И внимательно посмотрел мне в глаза. Но тогда я еще не понял значения этого взгляда.
8
Маршал Малинин все не мог закончить учения, поскольку «красные» и «синие» никак не могли сойтись в генеральном сражении, заплутав в нашей местности с ее многочисленными садами, коровниками, теплицами и силосными башнями. Маршал метался на своем вертолете по синему небу с ущербным лунным диском, выискивая полки, укрывшиеся от степного зноя в оврагах и балках. Иногда по нему открывали огонь на поражение. Иногда его супруга Елена Борисовна, чьи груди уже вываливались из тесных рамок экрана, взывала к заблудившимся среди степного приволья, садов, виноградников частям и соединениям, называла место и время для последнего и решительного сражения «синих» и «красных», и те внимательно выслушивали, отмечали на карте, сверяли часы, чтобы назавтра быть от этих мест как можно дальше. Солдаты лазили по садам, толпами ходили на танцы и дискотеки, где дрались с местной шпаной из-за девушек. А ночами отсыпались со своими подружками на сеновалах, либо просто в степи под яркими летними звездами, под замирающий стон цикад. Гауптвахта и дисбат были переполнены, по ночам арестанты вместе с караулом сбегали на «блядки», и не всегда возвращались в полном составе. Офицеры напропалую напивались, а очутившись под домашним арестом, строчили рапорты об увольнении из рядов вооруженных сил.

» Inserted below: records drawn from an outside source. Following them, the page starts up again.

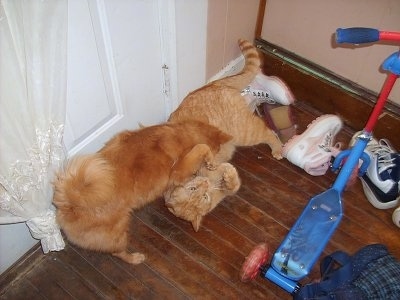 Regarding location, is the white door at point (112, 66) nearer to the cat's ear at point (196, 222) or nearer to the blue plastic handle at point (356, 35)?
the cat's ear at point (196, 222)

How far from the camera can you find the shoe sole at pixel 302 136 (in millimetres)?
1859

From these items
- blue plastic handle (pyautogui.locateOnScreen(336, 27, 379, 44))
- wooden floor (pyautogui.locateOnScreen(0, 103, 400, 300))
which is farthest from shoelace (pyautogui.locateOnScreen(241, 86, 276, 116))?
blue plastic handle (pyautogui.locateOnScreen(336, 27, 379, 44))

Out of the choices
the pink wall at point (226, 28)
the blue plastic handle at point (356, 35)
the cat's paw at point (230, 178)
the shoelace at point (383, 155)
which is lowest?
the cat's paw at point (230, 178)

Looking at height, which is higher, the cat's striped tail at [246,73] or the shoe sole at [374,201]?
the cat's striped tail at [246,73]

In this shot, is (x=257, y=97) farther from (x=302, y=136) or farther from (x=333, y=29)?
(x=333, y=29)

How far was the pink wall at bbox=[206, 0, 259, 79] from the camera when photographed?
5.97 feet

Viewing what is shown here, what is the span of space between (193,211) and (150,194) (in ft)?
0.82

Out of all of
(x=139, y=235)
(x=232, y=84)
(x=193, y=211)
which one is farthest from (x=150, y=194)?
(x=232, y=84)

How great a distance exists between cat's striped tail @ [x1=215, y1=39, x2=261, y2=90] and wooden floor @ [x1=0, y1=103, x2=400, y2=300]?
46cm

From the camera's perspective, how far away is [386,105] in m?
1.88

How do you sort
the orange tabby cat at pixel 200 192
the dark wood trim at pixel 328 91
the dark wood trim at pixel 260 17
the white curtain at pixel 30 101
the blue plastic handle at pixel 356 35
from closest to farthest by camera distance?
1. the white curtain at pixel 30 101
2. the blue plastic handle at pixel 356 35
3. the orange tabby cat at pixel 200 192
4. the dark wood trim at pixel 328 91
5. the dark wood trim at pixel 260 17

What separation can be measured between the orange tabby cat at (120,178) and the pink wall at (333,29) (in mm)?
888

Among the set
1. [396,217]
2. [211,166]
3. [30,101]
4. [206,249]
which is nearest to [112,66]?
[30,101]

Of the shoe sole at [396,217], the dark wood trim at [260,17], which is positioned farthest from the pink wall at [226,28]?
the shoe sole at [396,217] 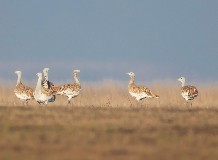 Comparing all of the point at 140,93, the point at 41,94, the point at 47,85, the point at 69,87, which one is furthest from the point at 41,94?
the point at 140,93

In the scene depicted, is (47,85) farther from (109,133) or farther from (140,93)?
(109,133)

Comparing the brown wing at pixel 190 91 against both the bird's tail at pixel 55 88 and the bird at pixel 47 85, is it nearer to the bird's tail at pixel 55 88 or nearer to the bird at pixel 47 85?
the bird's tail at pixel 55 88

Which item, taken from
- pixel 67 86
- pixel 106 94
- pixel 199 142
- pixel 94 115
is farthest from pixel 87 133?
pixel 106 94

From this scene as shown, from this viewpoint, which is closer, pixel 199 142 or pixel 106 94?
pixel 199 142

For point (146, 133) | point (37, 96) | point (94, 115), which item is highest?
point (37, 96)

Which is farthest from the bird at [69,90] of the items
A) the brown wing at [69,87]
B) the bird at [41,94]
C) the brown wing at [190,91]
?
the brown wing at [190,91]

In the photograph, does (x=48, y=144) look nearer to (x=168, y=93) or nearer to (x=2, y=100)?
(x=2, y=100)

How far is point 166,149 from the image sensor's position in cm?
1522

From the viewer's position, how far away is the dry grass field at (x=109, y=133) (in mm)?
14500

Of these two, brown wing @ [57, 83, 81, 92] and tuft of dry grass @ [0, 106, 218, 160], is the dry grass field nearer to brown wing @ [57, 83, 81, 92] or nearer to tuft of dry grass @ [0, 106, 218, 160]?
tuft of dry grass @ [0, 106, 218, 160]

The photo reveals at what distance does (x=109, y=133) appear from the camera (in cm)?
1731

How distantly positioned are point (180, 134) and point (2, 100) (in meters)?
11.8

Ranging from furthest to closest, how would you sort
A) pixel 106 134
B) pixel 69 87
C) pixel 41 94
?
pixel 69 87 → pixel 41 94 → pixel 106 134

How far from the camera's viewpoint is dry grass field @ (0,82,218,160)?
47.6 ft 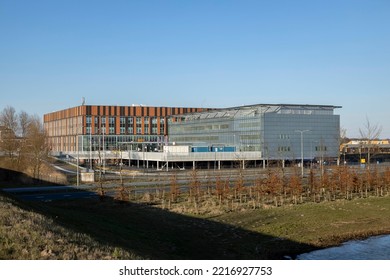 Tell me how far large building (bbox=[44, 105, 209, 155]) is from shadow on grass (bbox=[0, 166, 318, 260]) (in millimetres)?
91167

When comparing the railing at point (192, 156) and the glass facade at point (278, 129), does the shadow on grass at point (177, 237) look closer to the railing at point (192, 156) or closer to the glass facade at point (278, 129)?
the railing at point (192, 156)

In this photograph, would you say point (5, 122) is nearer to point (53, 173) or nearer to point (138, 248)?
point (53, 173)

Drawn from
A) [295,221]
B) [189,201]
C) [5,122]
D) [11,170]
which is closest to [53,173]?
[11,170]

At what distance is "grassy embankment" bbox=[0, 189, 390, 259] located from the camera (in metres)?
12.6

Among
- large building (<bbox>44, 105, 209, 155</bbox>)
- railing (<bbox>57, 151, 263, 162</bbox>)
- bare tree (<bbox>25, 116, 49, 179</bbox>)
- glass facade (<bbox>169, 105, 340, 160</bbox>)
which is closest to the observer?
bare tree (<bbox>25, 116, 49, 179</bbox>)

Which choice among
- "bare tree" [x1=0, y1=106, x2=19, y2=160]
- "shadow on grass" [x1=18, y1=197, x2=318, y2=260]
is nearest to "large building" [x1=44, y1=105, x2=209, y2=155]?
"bare tree" [x1=0, y1=106, x2=19, y2=160]

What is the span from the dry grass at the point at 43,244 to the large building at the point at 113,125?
334 feet

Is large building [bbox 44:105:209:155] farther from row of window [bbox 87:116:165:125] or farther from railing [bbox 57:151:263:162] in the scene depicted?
railing [bbox 57:151:263:162]

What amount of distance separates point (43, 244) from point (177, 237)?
10.1m

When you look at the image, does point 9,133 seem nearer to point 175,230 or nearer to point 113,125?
→ point 175,230

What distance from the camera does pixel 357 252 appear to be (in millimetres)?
20578

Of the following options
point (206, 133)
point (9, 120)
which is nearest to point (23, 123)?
point (9, 120)

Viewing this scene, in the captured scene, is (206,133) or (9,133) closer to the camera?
(9,133)

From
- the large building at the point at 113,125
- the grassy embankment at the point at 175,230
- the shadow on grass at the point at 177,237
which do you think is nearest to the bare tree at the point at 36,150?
the grassy embankment at the point at 175,230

Уж такое было это лето. В конце концов корректные иностранные наблюдатели, ранее приглашенные на учения, в один прекрасный день собрали чемоданы и подались на родину, каждый на свою. Они сослались на положение, согласно которому их присутствие возможно при определенной численности войск, кажется, не мене двадцати пяти тысяч, а по их подсчетам управлению поддавались не больше двух-трех тысяч, в основном из заградотрядов, которые тоже разбегались…
Поэтому регулярные появления на домашних экранах Елены Борисовны привели лишь к увеличению спроса на телевизоры с большей диагональю, что отнюдь не могло решить проблему размещения ее волнующего бюста. Несколько раз я встречал в нашей мэрии совершенно поседевшего маршала Малинина. Он делал вид, что не узнает меня. Обычно он сидел на беспрерывных заседаниях, где хозяин цитировал любимых классиков, в частности утверждавших, что с Божьей стихией даже царям не совладать, не говоря уж о наместниках. Что нужно дождаться осенних дождей, которые загонят солдат в казармы. А пока будет стоять эта божественная погода — отнюдь не засуха, с веселым теплым дождиком, с радугами, с обильными урожаями вишни, груш, винограда и абрикосов — куда там берданка сторожей-инвалидов против гранатометов с ночным прицелом! Пока старушки будут по-прежнему, несмотря на запреты, закармливать воинов сметаной, варениками с творогом, благо надои в этом году тоже невиданные, армию маршалу не собрать. Конечно, никто не собирается сидеть сложа руки. С девушками проводится политико-воспитательная работа, в результате чего темпы роста абортов и венерических заболеваний несколько замедлились. Поголовно мобилизованы отряды юных следопытов, имеющих опыт по отысканию мест боевой славы, для поиска пропавших частей и соединений…
Маршал Малинин стрелялся. По-видимому, полагал, что это соберет его офицеров хотя бы на похороны. В первый раз пуля прошла извилистый путь в его атлетической груди, тщательно минуя все жизненно важные органы, и благополучно вышла под лопаткой.
В госпиталь к маршалу никто из офицеров не пришел. Пришел только хозяин и я, как бывший сослуживец, к тому же обязанный ему спасением. Малинин приказал вышвырнуть меня к такой-то матери. Ко мне подступилась парочка его десантников. Я их уложил рядышком на пороге его палаты. Все-таки мой комбат обучал меня персонально, готовя к высокому поприщу, в отличие от этих молодых и зеленых, насмотревшихся заокеанских боевиков.
Радимов наблюдал это действо, деликатно стоя в стороне, чтобы не мешать отправлению мужских самолюбий. Когда все кончилось и я отряхнул свой костюм, он вошел вслед за мной в палату, ту самую, одноместную, с двуспальной кроватью.